(Beginning of Records shown)
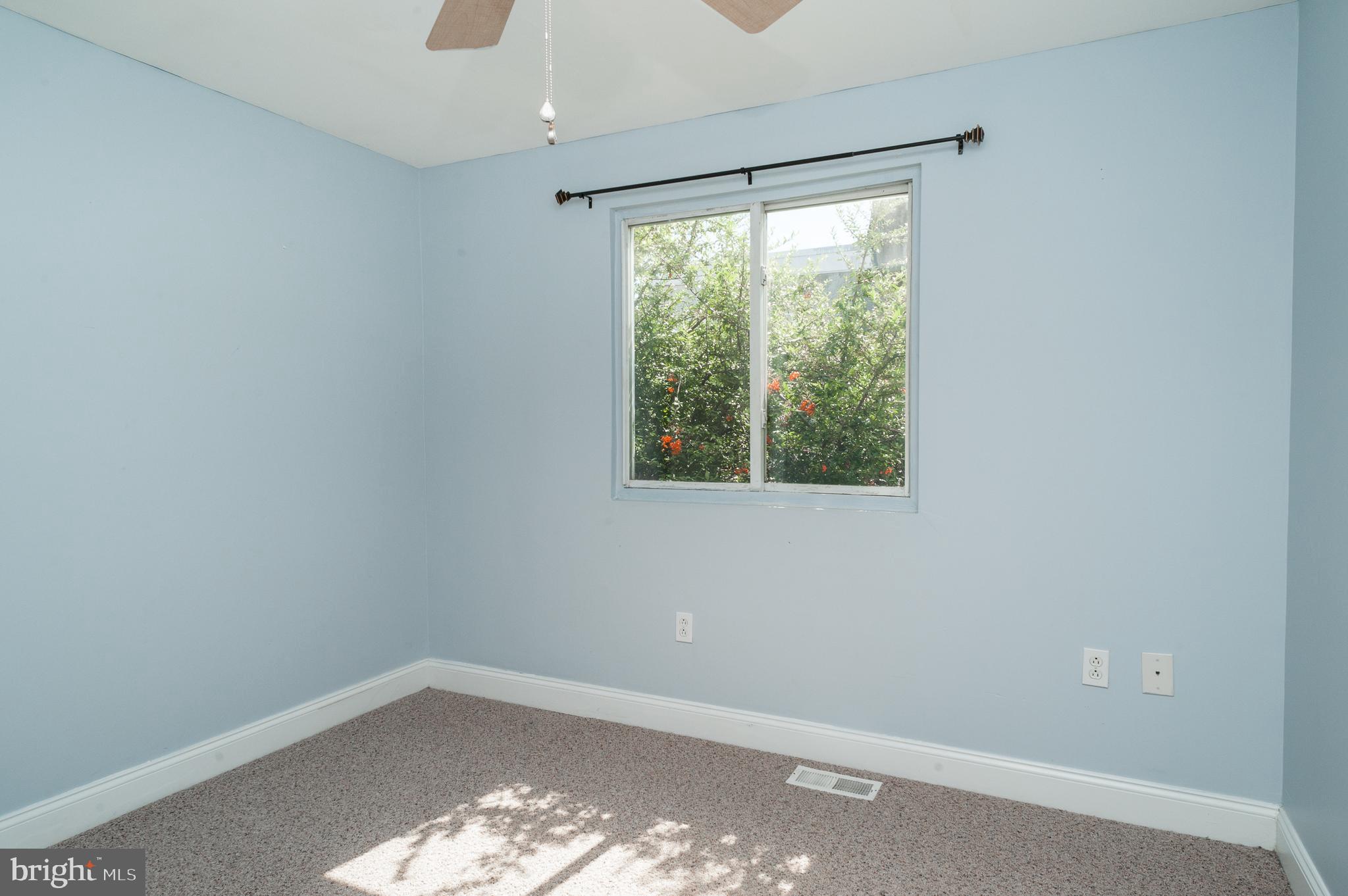 1028 Winton Street Philadelphia, PA 19148 - Photo 15 of 23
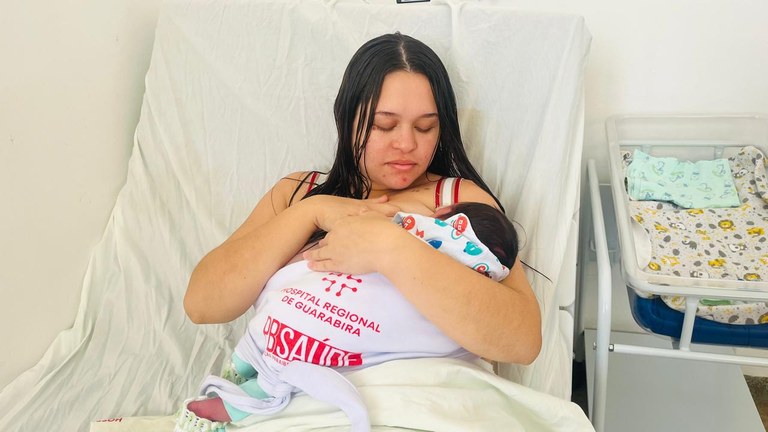 Hospital Regional de Guarabira fortalece contato mãe-bebê com “Tops maternais” e mantas para recém-nascidos 3.jpeg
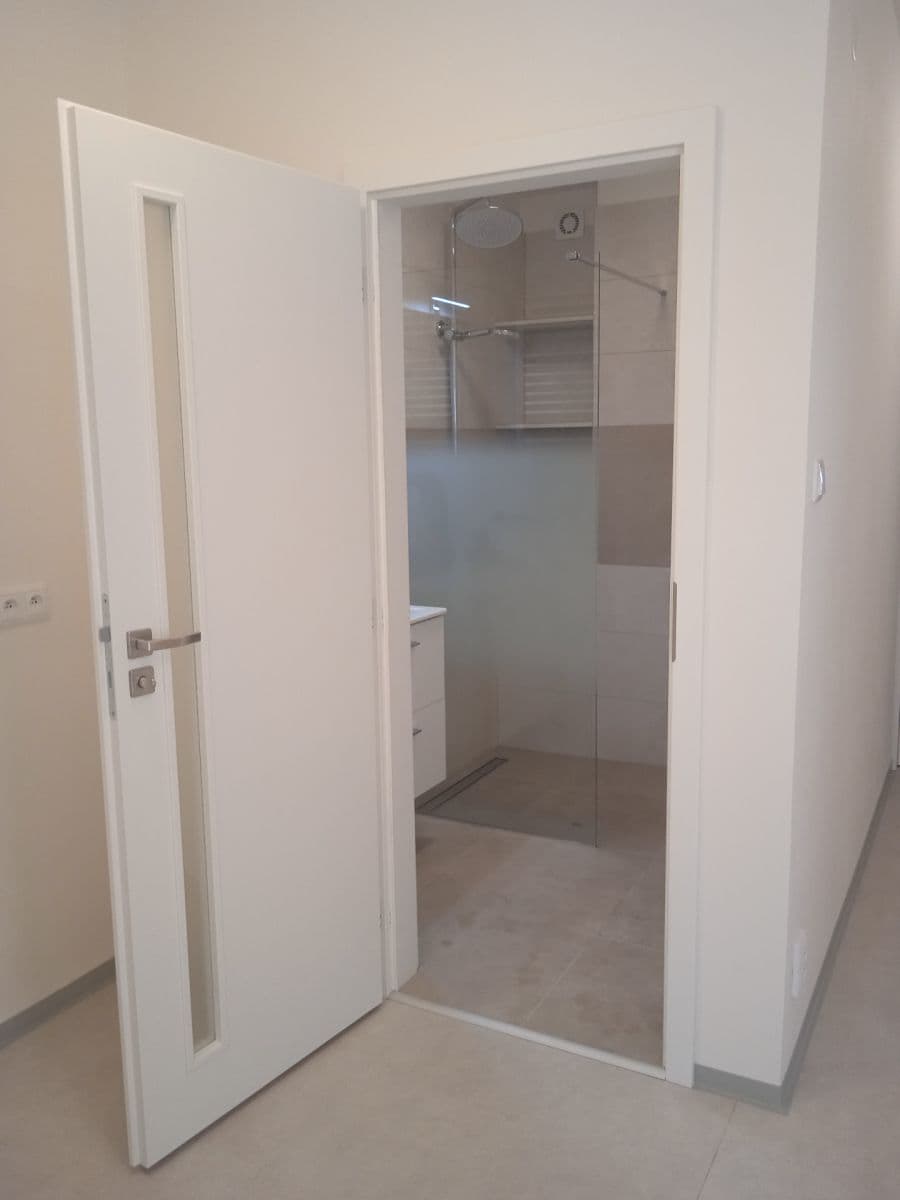 Prenájom bytu 3-izbový 77 m², Od Vysoké, Praha, Praha Prenájom bytu 3-izbový 77 m², Od Vysoké, Praha, Praha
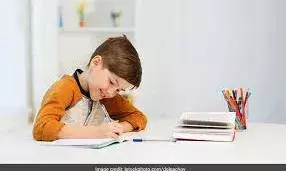 बच्चों को सिखाई गयी ये आदतें उन्हें जीवन के हर कदम में दिलाएगी सफलता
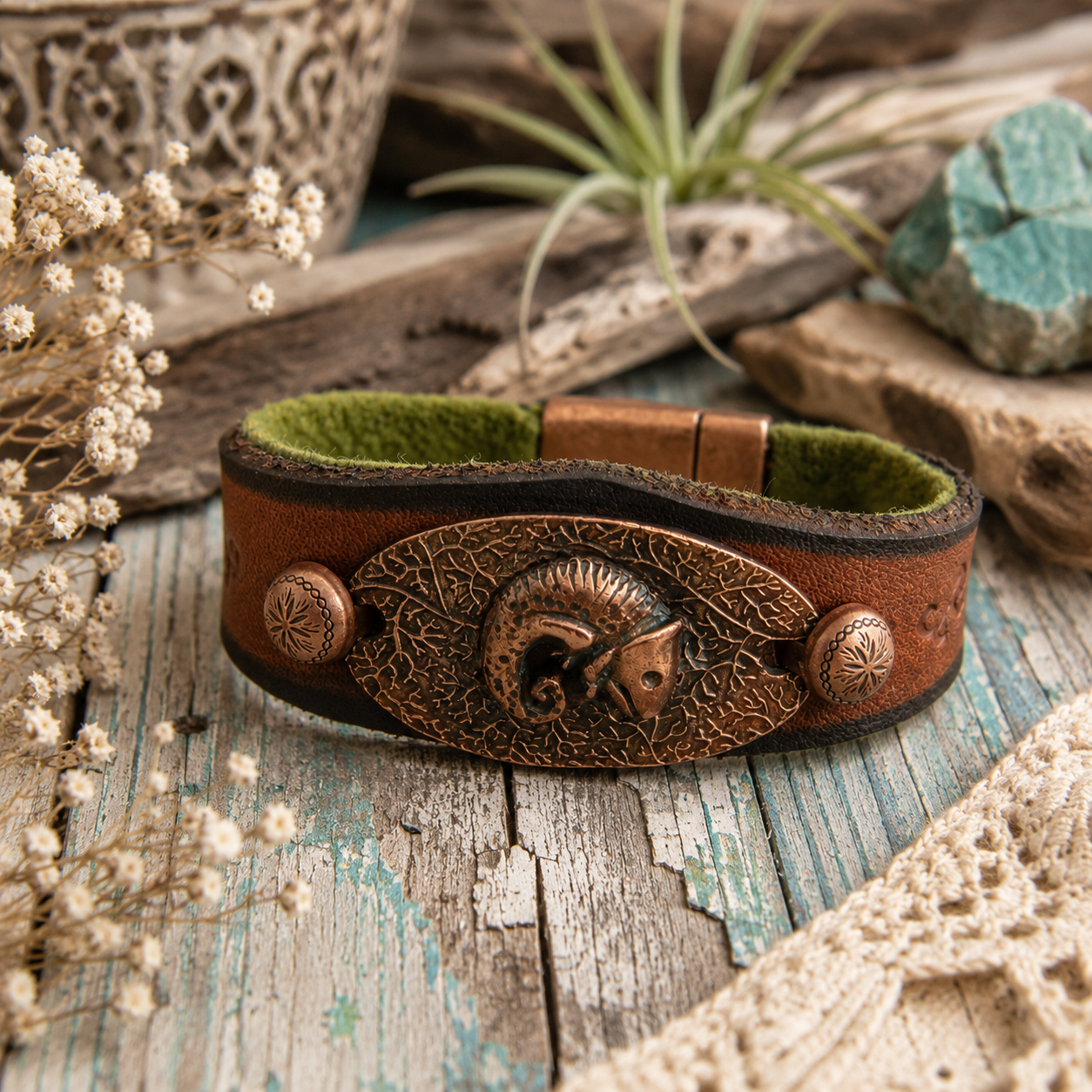Handmade copper chameleon leather cuff bracelet with brown VegTan leather, olive green lining and rustic copper details. Unique boho nature jewelry gift. By Cosmicdeva 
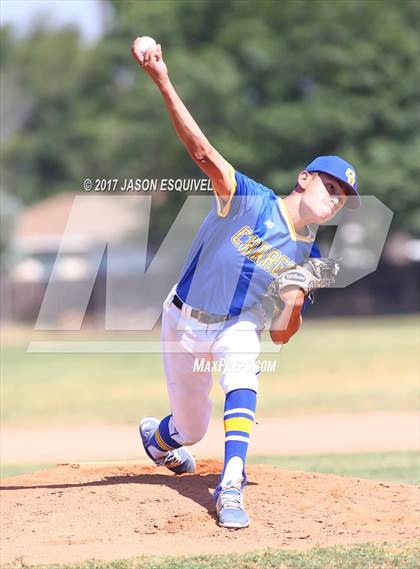 Thumbnail 2 in Los Altos @ Charter Oak photogallery.
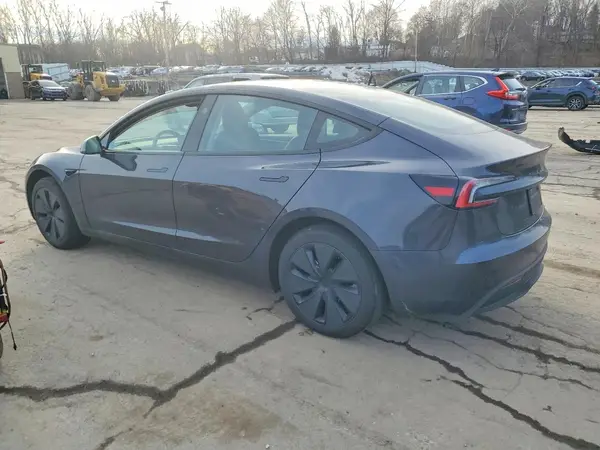 5YJ3E1EA9RF772680 2024 TESLA MODEL 3 - Image 2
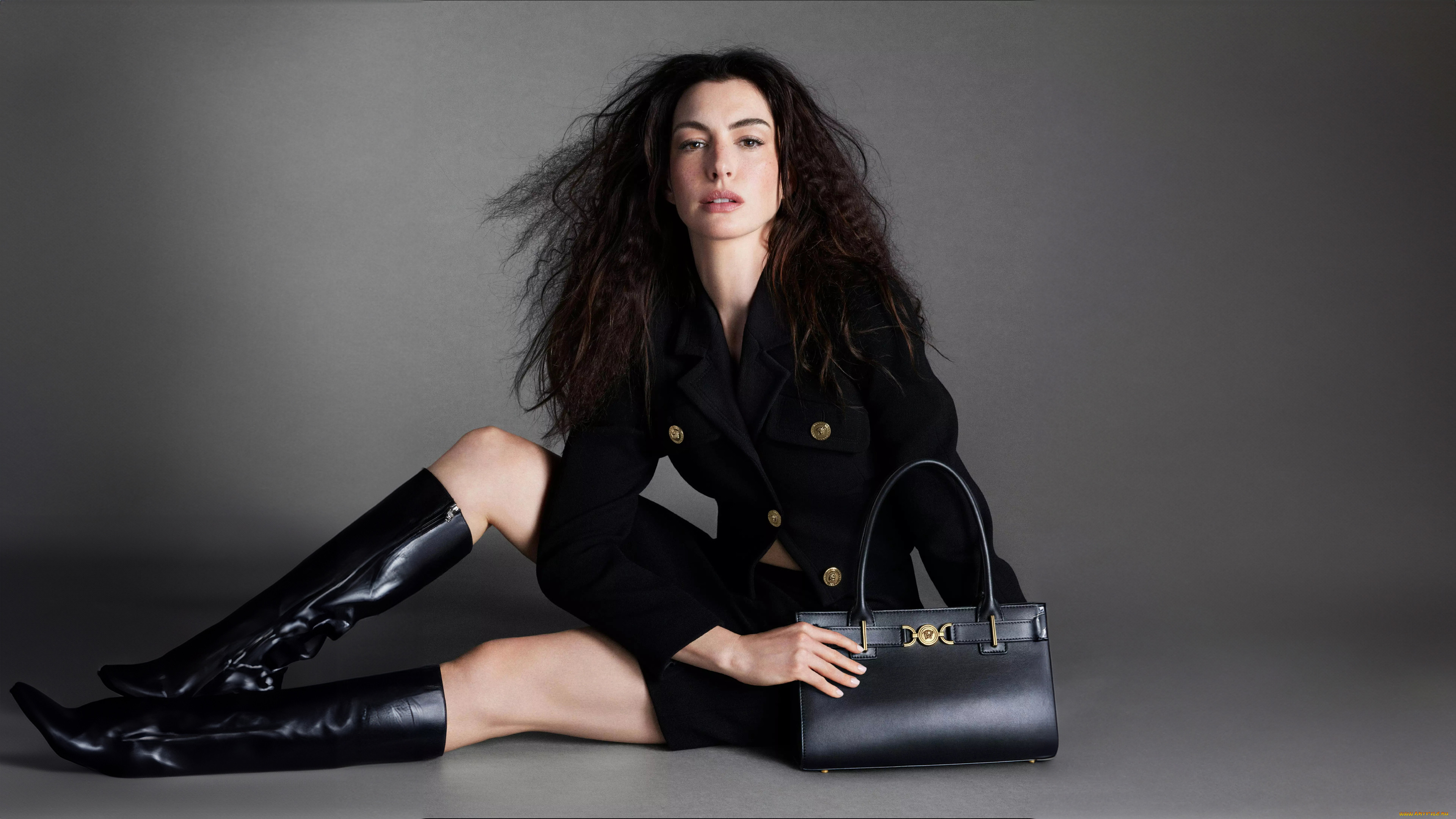 2024 anne hathaway versace icons, , anne hathaway, , versace, icons, 2024, , , , e, 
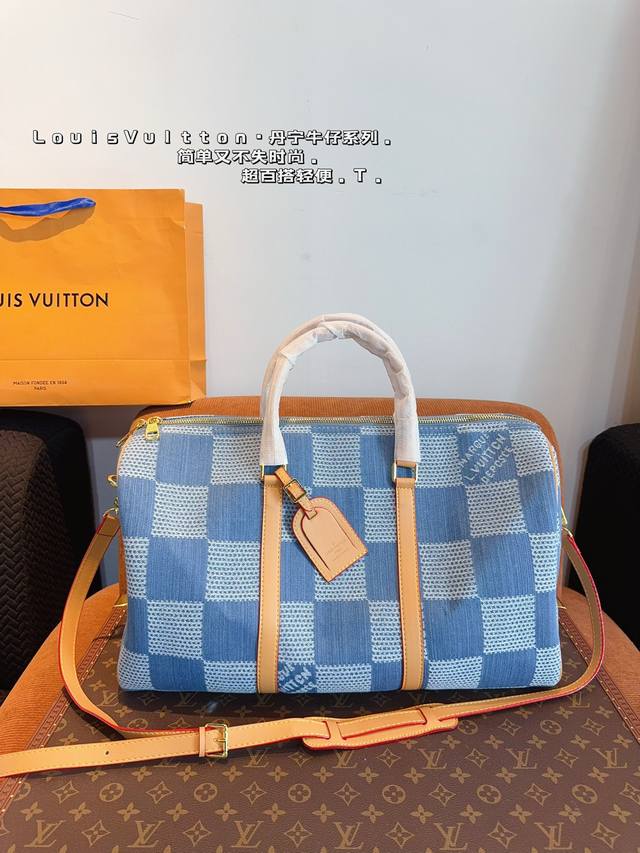 Lv 路易威登联名款keepall45斜跨包旅行包 一只帅气能装的旅行袋 时尚爆发款火热来袭 经典设计大气可观男女通用款 包包采用原版皮质 超级厚实 耐磨 耐用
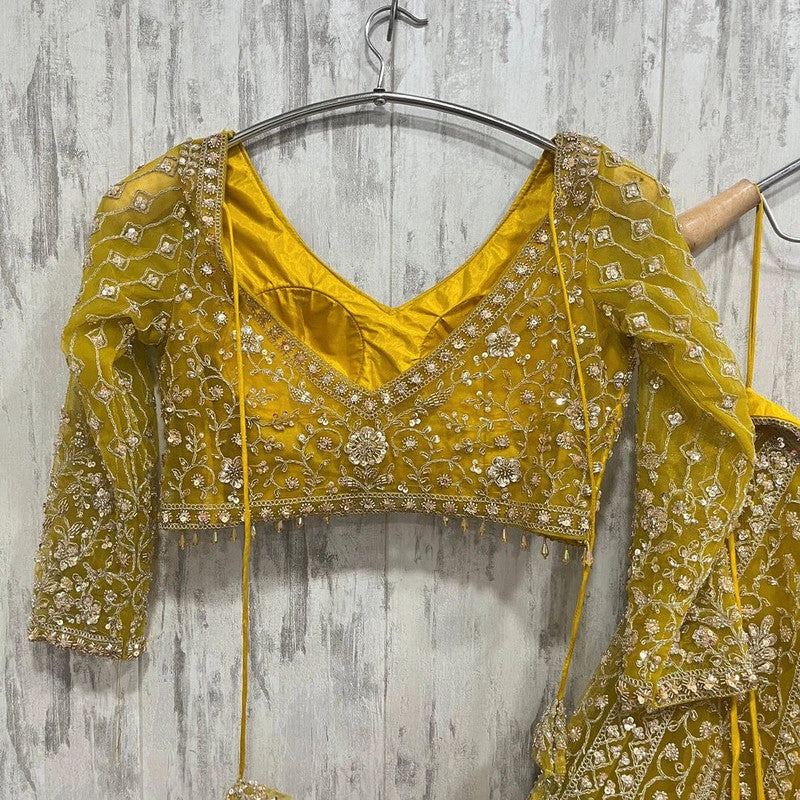Magnifique Lehenga Jaune Luxury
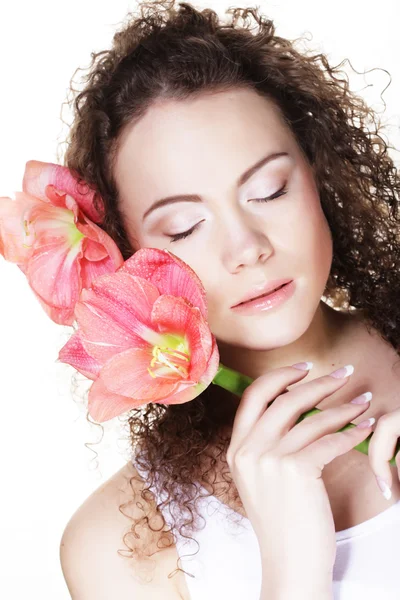 Joven hermosa mujer con grandes flores de color rosa — Foto de Stock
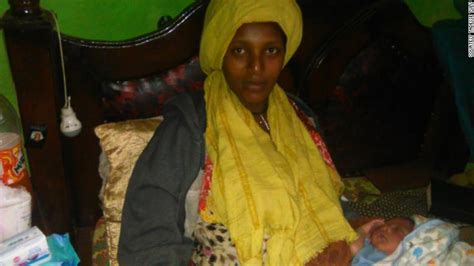 Ethiopian Woman Sits Exam On Hospital Bed 30 Minutes After Giving Birth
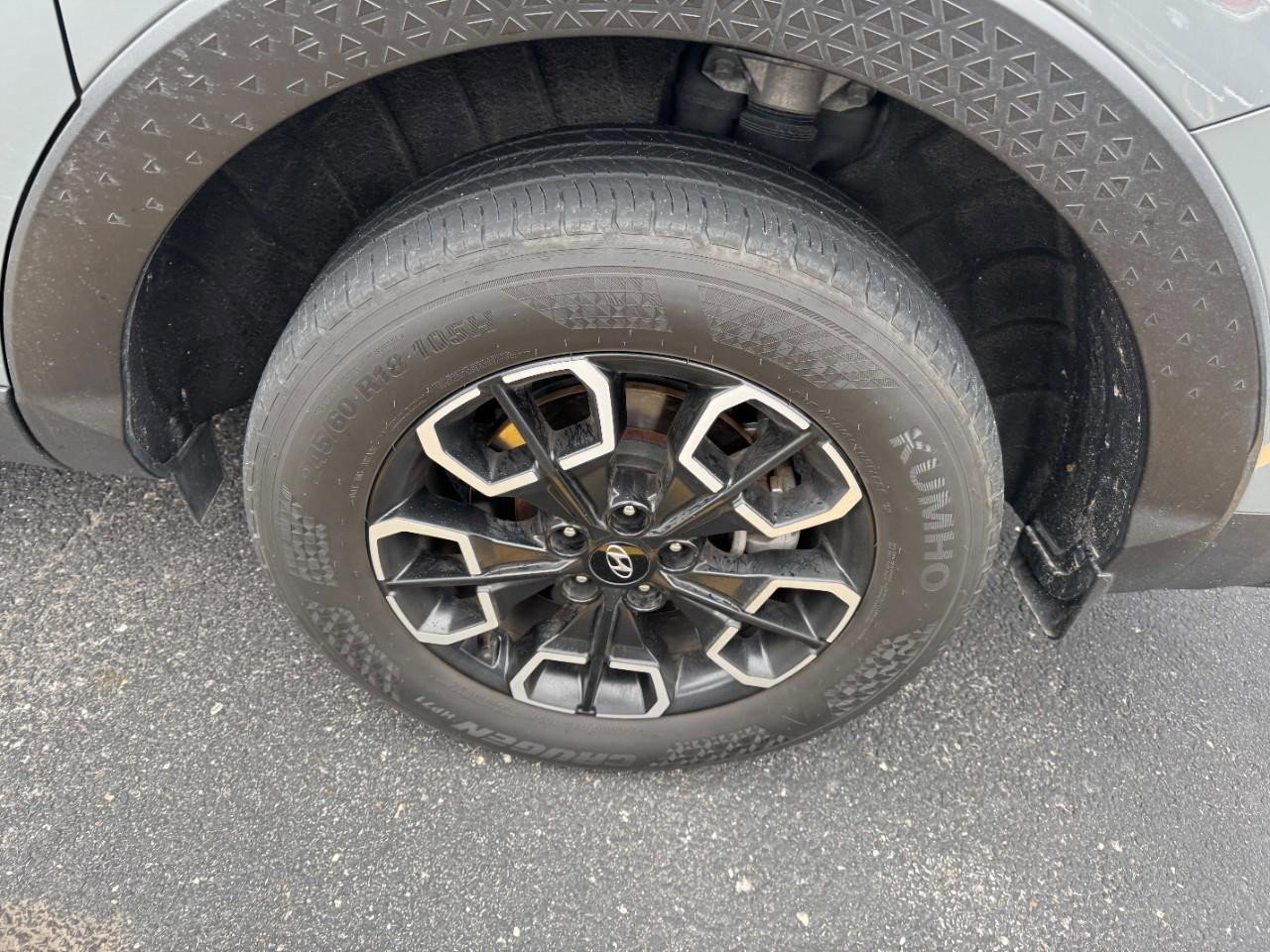 Used 2023 Hyundai Santa Cruz SEL Premium image 5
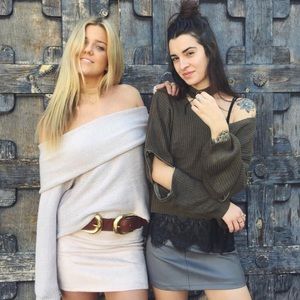 SEEK LF Off Shoulder Sweater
(End of Records shown)
Exercise brief> Set down the entire material verbatim, with each picture left out.

Finished task>
 1028 Winton Street Philadelphia, PA 19148 - Photo 15 of 23
 Hospital Regional de Guarabira fortalece contato mãe-bebê com “Tops maternais” e mantas para recém-nascidos 3.jpeg
 Prenájom bytu 3-izbový 77 m², Od Vysoké, Praha, Praha Prenájom bytu 3-izbový 77 m², Od Vysoké, Praha, Praha
 बच्चों को सिखाई गयी ये आदतें उन्हें जीवन के हर कदम में दिलाएगी सफलता
Handmade copper chameleon leather cuff bracelet with brown VegTan leather, olive green lining and rustic copper details. Unique boho nature jewelry gift. By Cosmicdeva 
 Thumbnail 2 in Los Altos @ Charter Oak photogallery.
 5YJ3E1EA9RF772680 2024 TESLA MODEL 3 - Image 2
 2024 anne hathaway versace icons, , anne hathaway, , versace, icons, 2024, , , , e, 
 Lv 路易威登联名款keepall45斜跨包旅行包 一只帅气能装的旅行袋 时尚爆发款火热来袭 经典设计大气可观男女通用款 包包采用原版皮质 超级厚实 耐磨 耐用
Magnifique Lehenga Jaune Luxury
 Joven hermosa mujer con grandes flores de color rosa — Foto de Stock
 Ethiopian Woman Sits Exam On Hospital Bed 30 Minutes After Giving Birth
 Used 2023 Hyundai Santa Cruz SEL Premium image 5
 SEEK LF Off Shoulder Sweater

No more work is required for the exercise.